Cinks win Father/Son Challenge in 1st try
PHOTOS: 2013 PNC Father/Son Challenge (Final)
Stewart Cink and his son, Connor, eagled the 18th hole and won by three strokes at the 2013 PNC Father/Son Challenge at The Ritz-Carlton Golf Club in Orlando.
ORLANDO, Fla. – Connor Cink was 15 years old when his dad, Stewart Cink, won the 2009 Open Championship at Turnberry.
He remembers watching his dad sink a 12-foot birdie putt on the 72nd hole that eventually would force a playoff with five-time Open champion Tom Watson. The elder Cink would then defeat Watson in four extra holes to capture his lone major victory.
"I just remember thinking that this is the most incredible thing," Connor Cink said. "I've believed in him playing all through (his career), but watching him almost go unconscious and knock down these ridiculous shots one after another, it was just surreal."
Four years later, Connor Cink, now 20, was able to share another memorable moment with his dad, as the two won in their debut at the PNC Father/Son Challenge on Sunday.
And again, Stewart Cink drained a big putt on the final hole. Leading Steve Elkington and his son, Sam, by a shot entering the par-18th at the Ritz-Carlton Golf Club, Stewart Cink got a good read on a missed 22-foot eagle putt from his son.
He then stepped up and drained the eagle to wrap up a second straight 11-under 61 and seal a three-shot victory over the Elkingtons and the team of Vijay Singh and his son, Qass.
"I know it's one of the biggest wins in his career. It's definitely the biggest in mine," said Connor Cink, a freshman at Clemson, although he doesn't play golf there.
"It's pretty unusual to have a putt to win a golf tournament when you know the worst you're going to have left is this much (less than 2 feet)," Stewart Cink said. "I had a free run at a 22-footer to win.
"That's a nice feeling, and to see the ball go in the middle (of the cup), that was also very cool."
After holding a one-shot lead over the Elkingtons following Saturday's first round of the two-man-scramble event, the Cinks fell behind early. A bogey at the second hole dropped them to 10 under and left them three shots back of their playing competitors, the Elkingtons.
But the Cinks' putters caught fire on the back nine.

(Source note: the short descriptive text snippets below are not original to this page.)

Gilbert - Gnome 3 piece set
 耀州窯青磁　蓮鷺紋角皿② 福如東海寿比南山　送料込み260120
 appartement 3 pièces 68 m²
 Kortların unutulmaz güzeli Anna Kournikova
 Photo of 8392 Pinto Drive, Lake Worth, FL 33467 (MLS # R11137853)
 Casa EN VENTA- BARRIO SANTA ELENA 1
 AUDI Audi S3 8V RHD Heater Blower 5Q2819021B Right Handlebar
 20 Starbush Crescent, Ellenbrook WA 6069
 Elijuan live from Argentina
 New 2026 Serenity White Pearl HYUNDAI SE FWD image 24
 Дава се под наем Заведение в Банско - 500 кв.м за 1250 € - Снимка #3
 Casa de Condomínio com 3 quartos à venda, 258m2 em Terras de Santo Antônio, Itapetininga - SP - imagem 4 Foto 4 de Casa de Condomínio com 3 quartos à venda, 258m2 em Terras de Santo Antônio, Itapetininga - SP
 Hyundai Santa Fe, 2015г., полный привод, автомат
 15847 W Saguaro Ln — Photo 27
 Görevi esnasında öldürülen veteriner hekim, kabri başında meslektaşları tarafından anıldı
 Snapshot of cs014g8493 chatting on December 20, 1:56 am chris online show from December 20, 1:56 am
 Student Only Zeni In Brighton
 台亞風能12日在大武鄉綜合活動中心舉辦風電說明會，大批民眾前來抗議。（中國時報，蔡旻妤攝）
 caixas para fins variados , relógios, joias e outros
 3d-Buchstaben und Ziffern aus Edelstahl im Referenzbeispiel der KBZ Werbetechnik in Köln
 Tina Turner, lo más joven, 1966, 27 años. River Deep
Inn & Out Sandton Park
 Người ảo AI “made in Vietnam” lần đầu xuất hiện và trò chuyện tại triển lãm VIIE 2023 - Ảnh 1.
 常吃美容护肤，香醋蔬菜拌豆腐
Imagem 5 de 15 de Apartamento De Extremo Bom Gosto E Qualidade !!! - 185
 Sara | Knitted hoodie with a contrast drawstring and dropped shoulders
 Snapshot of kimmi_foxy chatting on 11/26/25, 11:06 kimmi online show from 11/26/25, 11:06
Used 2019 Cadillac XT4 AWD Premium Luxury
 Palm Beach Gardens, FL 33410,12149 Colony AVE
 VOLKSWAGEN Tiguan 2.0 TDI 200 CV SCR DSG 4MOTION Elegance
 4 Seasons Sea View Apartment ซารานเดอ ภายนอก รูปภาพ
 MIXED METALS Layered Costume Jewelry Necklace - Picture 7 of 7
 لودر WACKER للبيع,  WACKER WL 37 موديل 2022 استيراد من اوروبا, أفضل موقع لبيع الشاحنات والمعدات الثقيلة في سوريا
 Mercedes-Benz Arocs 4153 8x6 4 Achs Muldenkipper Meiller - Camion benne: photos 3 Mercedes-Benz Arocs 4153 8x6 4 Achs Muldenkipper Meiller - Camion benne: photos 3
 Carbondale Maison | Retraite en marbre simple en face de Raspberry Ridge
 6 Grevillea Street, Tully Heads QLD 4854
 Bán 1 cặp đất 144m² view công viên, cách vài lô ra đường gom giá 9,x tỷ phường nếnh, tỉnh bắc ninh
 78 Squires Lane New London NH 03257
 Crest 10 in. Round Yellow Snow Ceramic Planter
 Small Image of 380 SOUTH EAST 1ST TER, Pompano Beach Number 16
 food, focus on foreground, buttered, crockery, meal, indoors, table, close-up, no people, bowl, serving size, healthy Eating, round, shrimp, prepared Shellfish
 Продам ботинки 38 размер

The two needed just nine putts in the final nine holes, and a birdie-eagle-birdie-birdie stretch on Nos. 13-16 put the Cinks back in front.
The eagle putt came at the par-5 14th, when Connor Cink drained a 30-footer.
"(With the ball) halfway to the hole, I remember asking him, 'Do you like it?' because I could see that his eyes were just all over the ball," Stewart Cink said. "He didn't answer."
The eagle came right after Connor Cink made a 15-footer for birdie at No. 13.
"The hole before that (No. 13), he said, 'That's the putt I'm going to remember.' . . . And then he goes and makes a 30-footer for eagle."
Stewart Cink said his son has played maybe 30 rounds since he was 14 years old, and the two have played very few rounds together. Contrast that with the Elkingtons, who play nearly every day together, according to Steve Elkington.
"We both had to learn our way around out there," Stewart Cink said. "I had to learn his game a little bit.
"He also had to learn his game a little bit," the elder Cink quipped.
The post-tournament press conference was filled with laughter as the Cinks took turns poking fun at each other. On the course, Stewart Cink kept his son calm.
An example came on Sunday after Connor Cink had just made the long eagle at the 14th. On the 15th tee, he was shaking from the excitement as he addressed his ball.
"I was pretty nervous throughout the entire time," Connor Cink said.
"(At the 15th tee), I was addressing the ball, and he came up and grabbed me and was like, 'Hey, whoa, that's awesome. Make sure you're in this shot.' That stuck with me the rest of the round, just kind of kept my head on."
The Cinks' victory marks the first time since the inaugural event in 1995 that a team has won in its debut. After Sunday's victory, Stewart Cink said he'd like to be back next year to defend the title.
His son agreed, too, although he'll have to contend with his younger brother, Reagan, for a spot on the team.
"We don't know the schedule next year, but hopefully we'll get to defend our title," Stewart Cink said. "There is a chance that maybe Reagan will get to tee it up."
Said Connor Cink: "We'll roshambo (rock-paper-scissors) for it."